Content starts

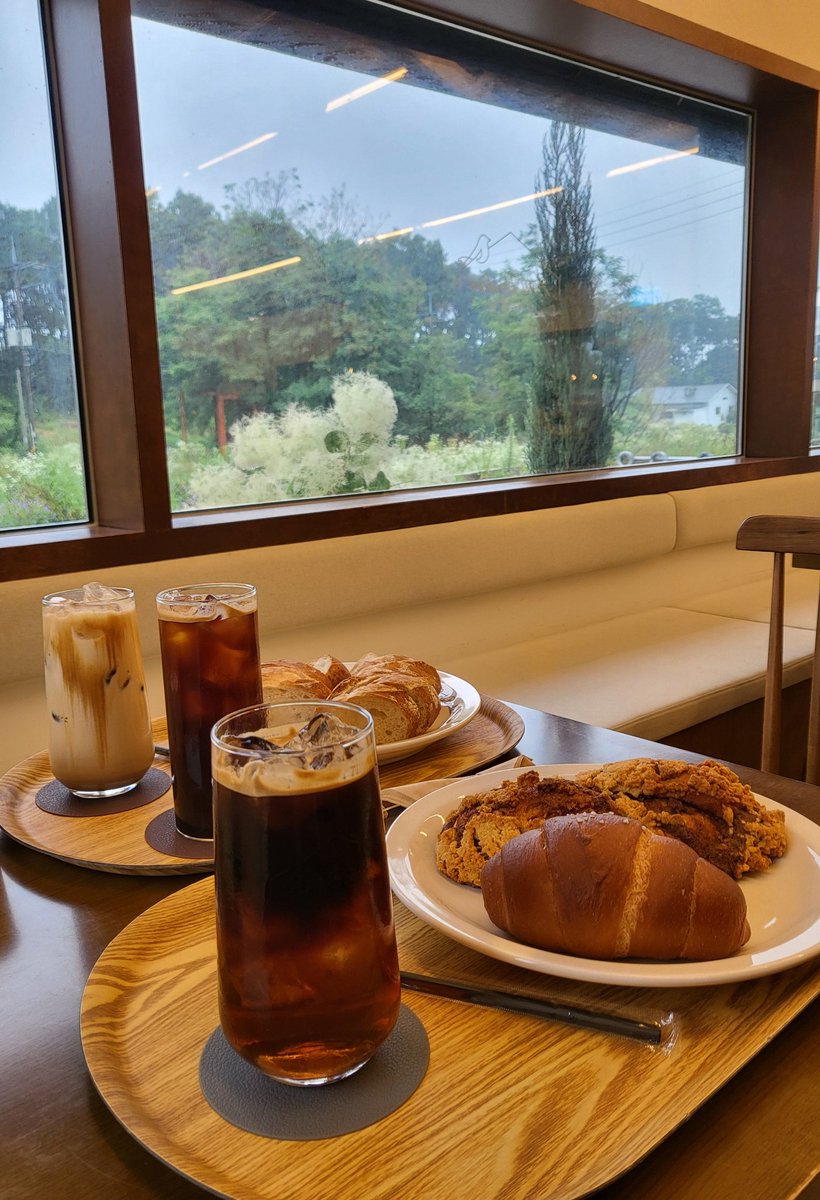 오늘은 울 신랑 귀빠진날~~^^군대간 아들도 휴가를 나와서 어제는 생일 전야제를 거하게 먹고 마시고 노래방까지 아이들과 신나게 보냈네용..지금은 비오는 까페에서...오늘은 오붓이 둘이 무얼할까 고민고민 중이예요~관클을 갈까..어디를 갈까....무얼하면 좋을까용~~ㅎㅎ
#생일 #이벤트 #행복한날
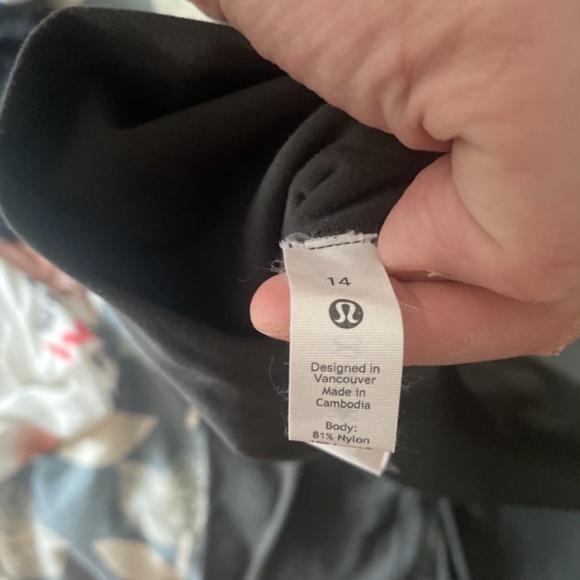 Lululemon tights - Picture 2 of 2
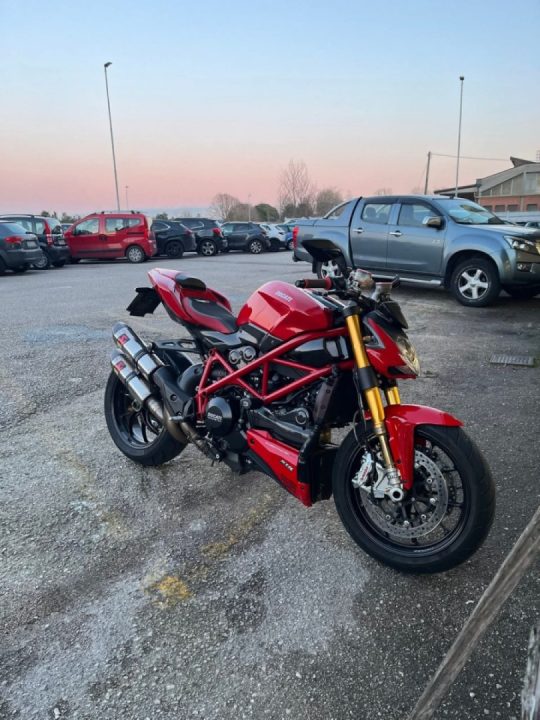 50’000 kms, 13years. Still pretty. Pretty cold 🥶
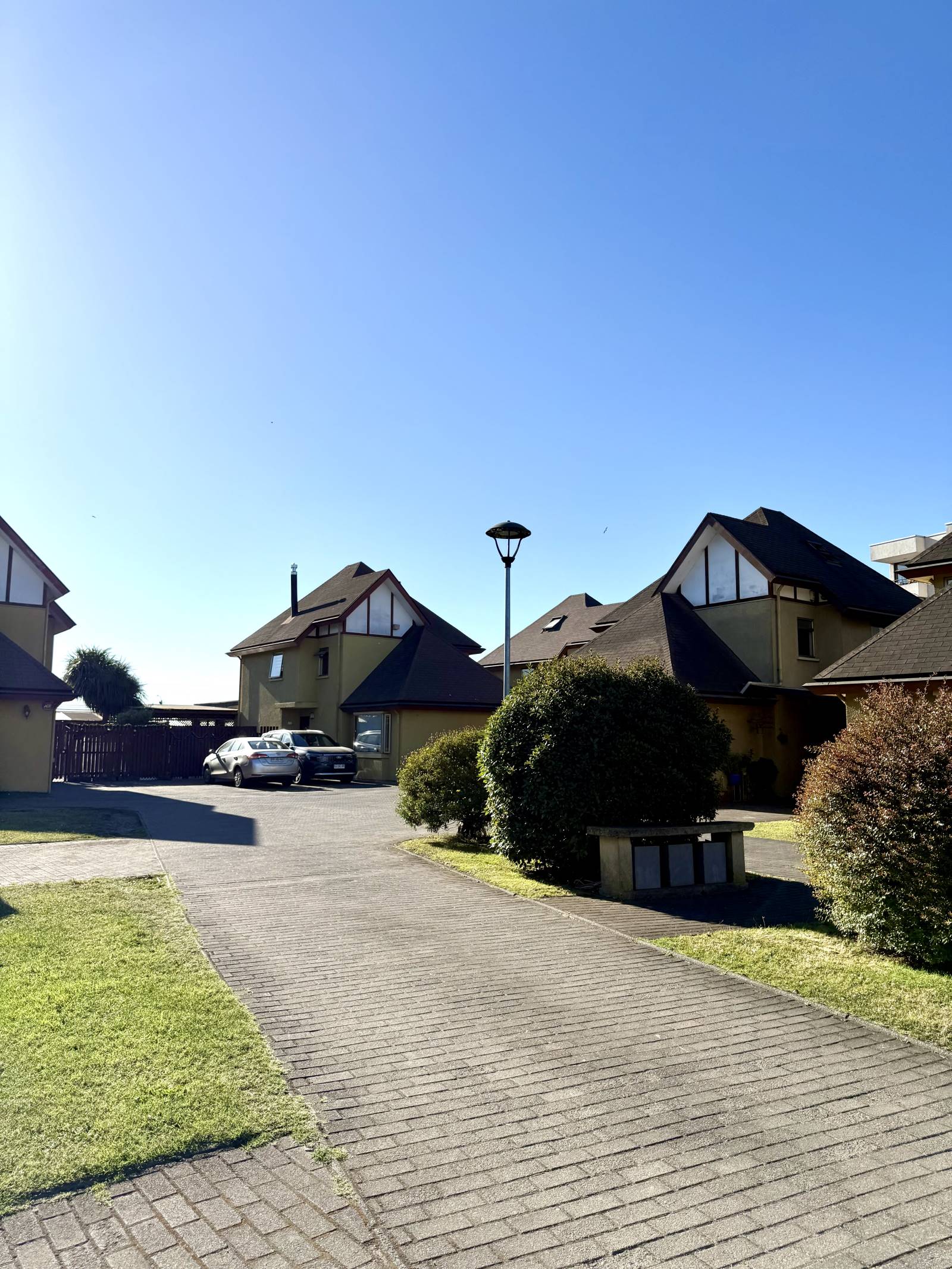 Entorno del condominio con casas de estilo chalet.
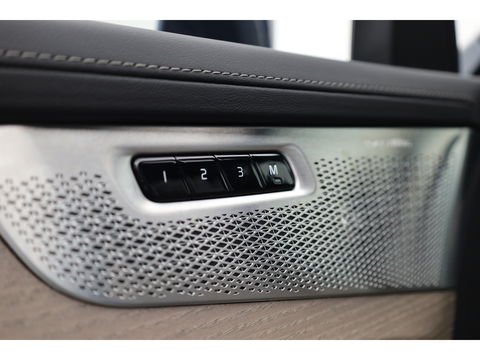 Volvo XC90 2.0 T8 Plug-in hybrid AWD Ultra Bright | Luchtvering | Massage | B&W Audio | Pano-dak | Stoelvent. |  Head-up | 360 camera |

Content ends

Work request: Reproduce only the lines from the line that holds "Lululemon tights - Picture 2 of 2" through the end of the records, exactly as they stand, both ends included and pictures excluded.

Output for this exercise:
 Lululemon tights - Picture 2 of 2
 50’000 kms, 13years. Still pretty. Pretty cold 🥶
 Entorno del condominio con casas de estilo chalet.
 Volvo XC90 2.0 T8 Plug-in hybrid AWD Ultra Bright | Luchtvering | Massage | B&W Audio | Pano-dak | Stoelvent. |  Head-up | 360 camera |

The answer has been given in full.